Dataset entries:
== == ==

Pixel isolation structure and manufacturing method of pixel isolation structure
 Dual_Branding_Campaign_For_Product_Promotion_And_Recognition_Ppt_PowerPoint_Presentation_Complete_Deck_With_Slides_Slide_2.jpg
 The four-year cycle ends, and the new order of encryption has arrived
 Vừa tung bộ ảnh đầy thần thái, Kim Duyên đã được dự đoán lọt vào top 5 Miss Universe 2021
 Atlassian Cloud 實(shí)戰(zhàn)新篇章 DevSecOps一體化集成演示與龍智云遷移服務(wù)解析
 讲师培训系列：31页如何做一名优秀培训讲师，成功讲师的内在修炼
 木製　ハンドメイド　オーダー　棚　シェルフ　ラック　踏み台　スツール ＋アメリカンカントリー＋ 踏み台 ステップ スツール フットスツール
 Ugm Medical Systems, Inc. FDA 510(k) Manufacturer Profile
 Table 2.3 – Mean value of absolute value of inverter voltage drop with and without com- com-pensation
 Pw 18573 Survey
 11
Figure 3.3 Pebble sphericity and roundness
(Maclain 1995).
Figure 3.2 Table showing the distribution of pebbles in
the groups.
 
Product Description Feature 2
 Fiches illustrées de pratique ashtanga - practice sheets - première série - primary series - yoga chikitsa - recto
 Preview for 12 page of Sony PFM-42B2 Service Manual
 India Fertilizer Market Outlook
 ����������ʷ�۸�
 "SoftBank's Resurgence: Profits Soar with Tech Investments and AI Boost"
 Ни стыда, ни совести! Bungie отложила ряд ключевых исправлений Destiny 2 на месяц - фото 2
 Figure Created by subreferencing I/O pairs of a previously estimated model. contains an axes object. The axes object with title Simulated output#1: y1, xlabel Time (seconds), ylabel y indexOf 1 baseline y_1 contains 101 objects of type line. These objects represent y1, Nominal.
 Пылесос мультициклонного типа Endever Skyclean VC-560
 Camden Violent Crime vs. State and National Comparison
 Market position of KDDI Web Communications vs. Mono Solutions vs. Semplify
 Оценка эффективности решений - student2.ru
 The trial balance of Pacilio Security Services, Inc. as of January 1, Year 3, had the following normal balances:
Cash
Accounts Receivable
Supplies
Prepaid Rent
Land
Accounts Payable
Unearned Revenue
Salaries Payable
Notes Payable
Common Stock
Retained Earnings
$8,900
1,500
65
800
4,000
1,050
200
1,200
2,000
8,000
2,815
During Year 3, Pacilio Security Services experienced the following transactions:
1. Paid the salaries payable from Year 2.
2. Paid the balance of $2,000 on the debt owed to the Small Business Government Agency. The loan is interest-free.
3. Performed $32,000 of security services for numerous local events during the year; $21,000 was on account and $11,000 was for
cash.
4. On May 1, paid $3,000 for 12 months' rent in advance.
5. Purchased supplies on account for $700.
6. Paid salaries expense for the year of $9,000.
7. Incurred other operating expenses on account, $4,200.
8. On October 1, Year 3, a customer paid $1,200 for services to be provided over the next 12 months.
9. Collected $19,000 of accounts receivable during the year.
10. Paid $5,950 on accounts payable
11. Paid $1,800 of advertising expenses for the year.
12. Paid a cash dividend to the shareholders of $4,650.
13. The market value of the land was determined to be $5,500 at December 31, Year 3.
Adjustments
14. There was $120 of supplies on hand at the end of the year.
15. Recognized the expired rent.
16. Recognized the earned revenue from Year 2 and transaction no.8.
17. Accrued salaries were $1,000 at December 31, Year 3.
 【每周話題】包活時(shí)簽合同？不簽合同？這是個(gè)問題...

== == ==

YOUR INSTRUCTIONS = Please copy out the data above exactly.

EXERCISE ANSWER =
Pixel isolation structure and manufacturing method of pixel isolation structure
 Dual_Branding_Campaign_For_Product_Promotion_And_Recognition_Ppt_PowerPoint_Presentation_Complete_Deck_With_Slides_Slide_2.jpg
 The four-year cycle ends, and the new order of encryption has arrived
 Vừa tung bộ ảnh đầy thần thái, Kim Duyên đã được dự đoán lọt vào top 5 Miss Universe 2021
 Atlassian Cloud 實(shí)戰(zhàn)新篇章 DevSecOps一體化集成演示與龍智云遷移服務(wù)解析
 讲师培训系列：31页如何做一名优秀培训讲师，成功讲师的内在修炼
 木製　ハンドメイド　オーダー　棚　シェルフ　ラック　踏み台　スツール ＋アメリカンカントリー＋ 踏み台 ステップ スツール フットスツール
 Ugm Medical Systems, Inc. FDA 510(k) Manufacturer Profile
 Table 2.3 – Mean value of absolute value of inverter voltage drop with and without com- com-pensation
 Pw 18573 Survey
 11
Figure 3.3 Pebble sphericity and roundness
(Maclain 1995).
Figure 3.2 Table showing the distribution of pebbles in
the groups.
 
Product Description Feature 2
 Fiches illustrées de pratique ashtanga - practice sheets - première série - primary series - yoga chikitsa - recto
 Preview for 12 page of Sony PFM-42B2 Service Manual
 India Fertilizer Market Outlook
 ����������ʷ�۸�
 "SoftBank's Resurgence: Profits Soar with Tech Investments and AI Boost"
 Ни стыда, ни совести! Bungie отложила ряд ключевых исправлений Destiny 2 на месяц - фото 2
 Figure Created by subreferencing I/O pairs of a previously estimated model. contains an axes object. The axes object with title Simulated output#1: y1, xlabel Time (seconds), ylabel y indexOf 1 baseline y_1 contains 101 objects of type line. These objects represent y1, Nominal.
 Пылесос мультициклонного типа Endever Skyclean VC-560
 Camden Violent Crime vs. State and National Comparison
 Market position of KDDI Web Communications vs. Mono Solutions vs. Semplify
 Оценка эффективности решений - student2.ru
 The trial balance of Pacilio Security Services, Inc. as of January 1, Year 3, had the following normal balances:
Cash
Accounts Receivable
Supplies
Prepaid Rent
Land
Accounts Payable
Unearned Revenue
Salaries Payable
Notes Payable
Common Stock
Retained Earnings
$8,900
1,500
65
800
4,000
1,050
200
1,200
2,000
8,000
2,815
During Year 3, Pacilio Security Services experienced the following transactions:
1. Paid the salaries payable from Year 2.
2. Paid the balance of $2,000 on the debt owed to the Small Business Government Agency. The loan is interest-free.
3. Performed $32,000 of security services for numerous local events during the year; $21,000 was on account and $11,000 was for
cash.
4. On May 1, paid $3,000 for 12 months' rent in advance.
5. Purchased supplies on account for $700.
6. Paid salaries expense for the year of $9,000.
7. Incurred other operating expenses on account, $4,200.
8. On October 1, Year 3, a customer paid $1,200 for services to be provided over the next 12 months.
9. Collected $19,000 of accounts receivable during the year.
10. Paid $5,950 on accounts payable
11. Paid $1,800 of advertising expenses for the year.
12. Paid a cash dividend to the shareholders of $4,650.
13. The market value of the land was determined to be $5,500 at December 31, Year 3.
Adjustments
14. There was $120 of supplies on hand at the end of the year.
15. Recognized the expired rent.
16. Recognized the earned revenue from Year 2 and transaction no.8.
17. Accrued salaries were $1,000 at December 31, Year 3.
 【每周話題】包活時(shí)簽合同？不簽合同？這是個(gè)問題...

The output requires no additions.